Bridgers apporte également sa contribution vocale et apparaît dans le clip d’accompagnement, qui est un clin d’œil à la comédie romantique But I’m a Cheerleader, qui raconte l’histoire d’une fille envoyée dans un camp de rééducation pour surmonter ses sentiments lesbiens. Ce n’est pas une coïncidence, car Katie Gavin ( chant principal/paroles), Naomi McPherson ( guitare/production) et Josette Maskin ( guitare/arrangements) sont considérées comme des personnalités qui assument leur homosexualité, ce qui se reflète dans presque toutes les chansons, bien qu’elles traitent également de problèmes relationnels universels. Dans « Home By Now », la chanson la plus longue avec 4,5 minutes sur fond de rythme discordant lourd, ils se demandent ce que serait une relation qui n’aurait pas échoué. Cette relation brisée est à nouveau le point de départ du puissant « Anything But Me ». Cette chanson parle de la fuite d’une relation, simplement parce que ça ne va pas. Il s’agit d’avoir suffisamment confiance en soi et en ses instincts pour s’éloigner de quelqu’un tout en continuant à ressentir de l’amour pour cette personne, avant que la situation ne devienne trop grave. Le clip de la chanson joue avec l’idée que nous sommes nos propres geôliers dans les relations, et que nous pouvons nous en libérer.
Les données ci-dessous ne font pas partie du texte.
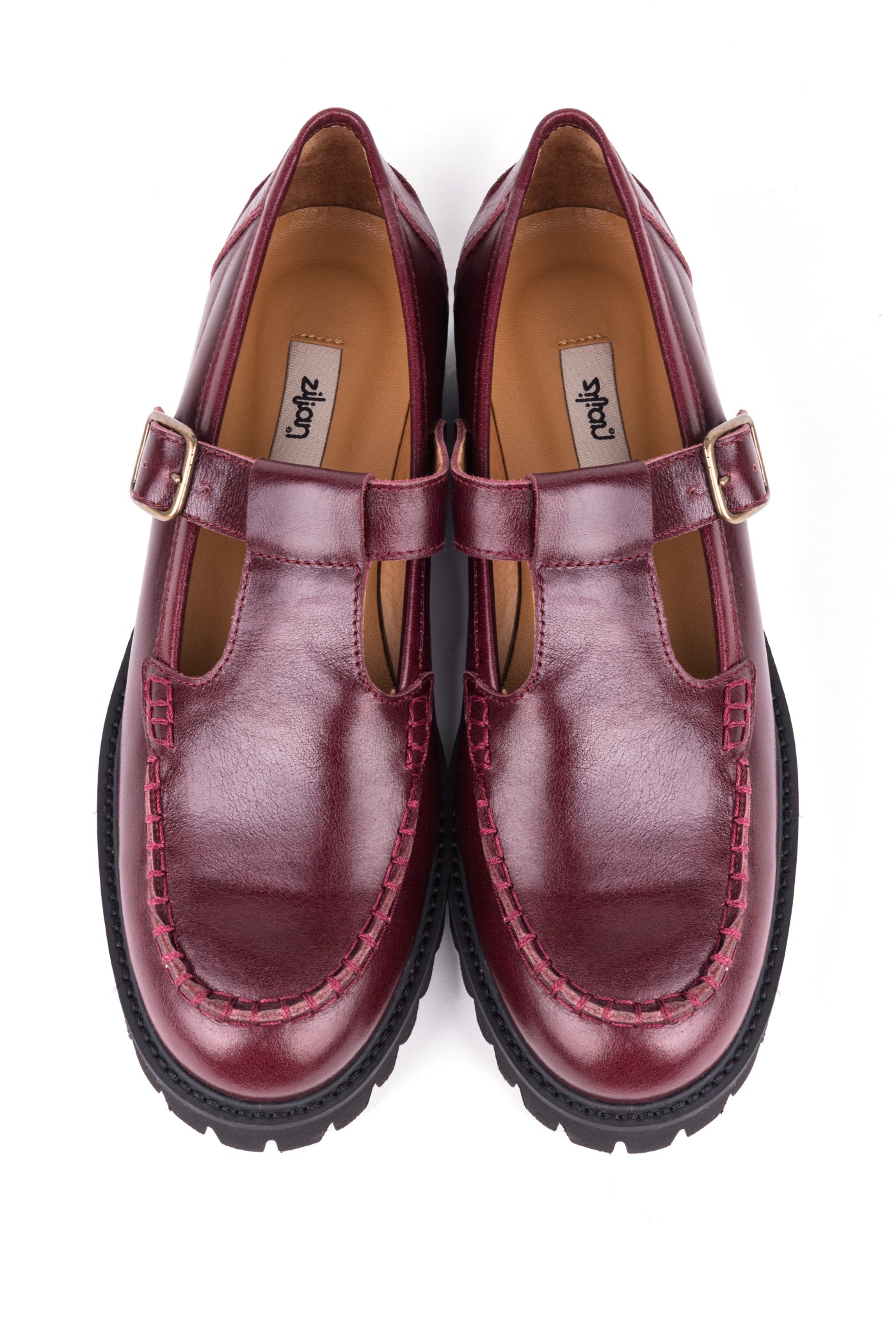 Loafer mary jane em pele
L’introspection est présente dans la chanson country plus traditionnelle « Kind of Girl », avec un chant polyphonique accompagné d’une guitare acoustique ; pensez à des artistes comme Haim ou Kacey Musgraves. Le clip d’accompagnement joue avec les rôles basés sur le genre. Le titre « What I Want » est très différent et ressemble beaucoup au titre « Paparazzi » de Lady Gaga.

Jusqu’à présent, les points forts. Bien que les autres chansons ne soient certainement pas mauvaises, elles n’ont pas la même énergie et la même singularité et semblent particulièrement adaptées pour être incluses dans la bande originale d’un film. Par coïncidence, MUNA a récemment repris la chanson « Sometimes » de Britney Spears pour le film Fire Island, mais cette chanson ne figure pas sur cet album. « Loose Garment » est une exception positive. Il s’agit d’une chanson relativement simple, avec un rythme semblable à un battement de cœur en arrière-plan et un arrangement musical subtil et captivant, qui la rend légèrement différente des autres.

La conclusion finale est que MUNA prend un bon départ avec cet album, mais semble toujours à la recherche de son propre style.